Viscardi und Zuccalli stehen sich bei der Arbeit feindlich gegenüber. Letzterer soll Viscardis Künstlerschaft nie anerkannt haben, sondern habe ihn vielmehr in seiner Arbeit gehemmt.
In der zweiten Phase seiner Laufbahn erscheint Viscardi weitgehend als freier Architekt, nachdem er 1689 wegen Meinungsverschiedenheiten und aus Gründen der Rivalität durch Betreiben Zuccallis aus dem kurfürstlichen Baureferat ausgeschlossen worden war. Seine Stelle erhielt nun Zuccallis Schwiegersohn Trubillio.
In den folgenden Jahren arbeitet Viscardi auch drei Jahre lang als Baumeister an der Theatinerkirche, als Nachfolger des verstorbenen Lorenzo Perti, wofür ihm ein Gehalt von vorläufig 200 fl. zugesagt war. Als er drei Jahre später ohne Entlohnung entlassen wird, erhebt er Einspruch, doch bleibt er trotz anerkannt guter Arbeit arbeitslos.
Das letzte Jahrzehnt des Jahrhunderts zeigt Viscardi als regen Bauunternehmer, beauftragt von zahlreichen Ordensgemeinschaften, von adligen und bürgerlichen Herren:
Er erstellt in Landshut für die Jesuiten den Bau des Klosters. Für die Benediktiner von Metten baut er die Wallfahrtskirche Loh um. Mit Empfehlung von Kurfürst Max Emanuel überträgt Abt Dallmayr ihm den Neubau von Kloster und Kirche in Fürstenfeldbruck, wo 1691 unter Abt Balduin Helm die Grundsteinlegung für den Klosterneubau erfolgt. Auch den Münchner Salesianerinnen errichtet er den Neubau des Klosters. Er erneuert Saal und Kirche des Münchner Jesuitenkollegs St. Michael und erweitert die Klosteranlage der Benediktiner zu Benediktbeuren.
Der Bruder des Kurfürsten, Herzog Maximilian Philipp, läßt das kleine Schloß zu Türkheim errichten.
Graf Haunsperg baut mit ihm Schloß Hofberg bei Landshut.

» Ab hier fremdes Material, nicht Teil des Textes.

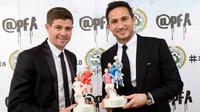 Gerrard dan Lampard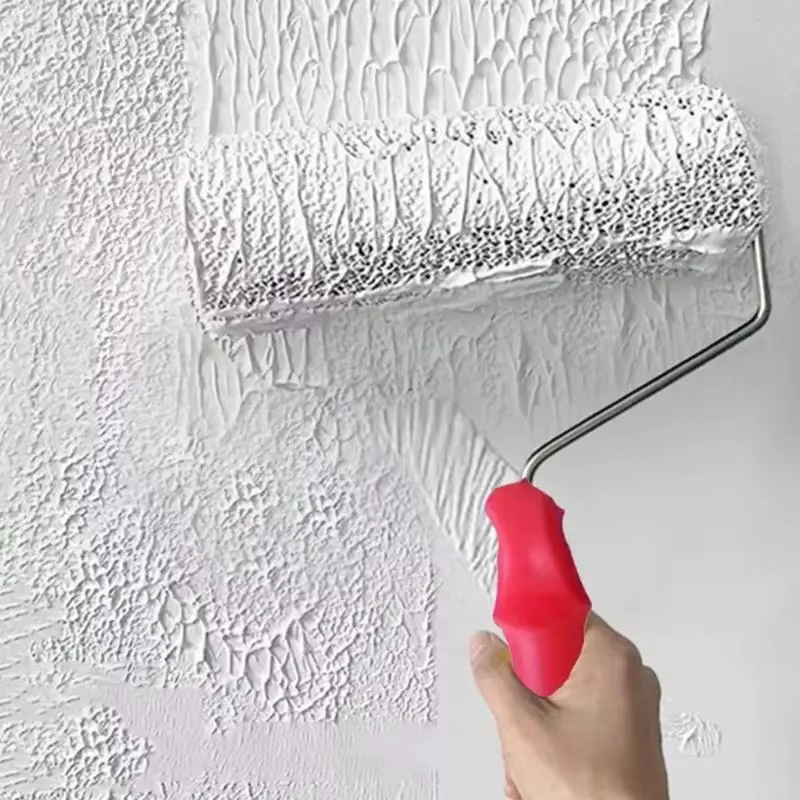 Nouveau! Brosse murale de haute qualité pour le plâtrage lisse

Gräfin Maria Adelheid Theresia von Rivera-Preysing gibt ein Stadthaus in München in Auftrag. Der Geheime Rat von Joner ist der Bauherr des Schlößchens Neuhofen in München-Sendling.
Das Viscardi-Unternehmen beschäftigt zu dieser Zeit zahlreiche und namhafte Bauleiter, Paliere und nahezu 150 Gesellen. So finden sich die Stadtmaurermeister Martin Gunezrhainer und Johann Georg Ettenhofer, Vittore Toni, Vetter Antonio Andreota und Georg Puchtler für die Bauten in München, Landshut und in der Oberpfalz in seinen Diensten. Die Stukkateure Giovanni Niccolè Perti, Pietro Francesco Appiani, Andrea Appiani und Pietro Marinetti sowie der Freskenmaler Hans Georg Asam, der zu dieser Zeit in Fürstenfeldbruck lebt, und der Hofmaler Johannes Andreas Wolff stehen ihm ab 1695 in Fürstenfeld zur Verfügung und arbeiten auch später in der Kirche von Freystadt für ihn.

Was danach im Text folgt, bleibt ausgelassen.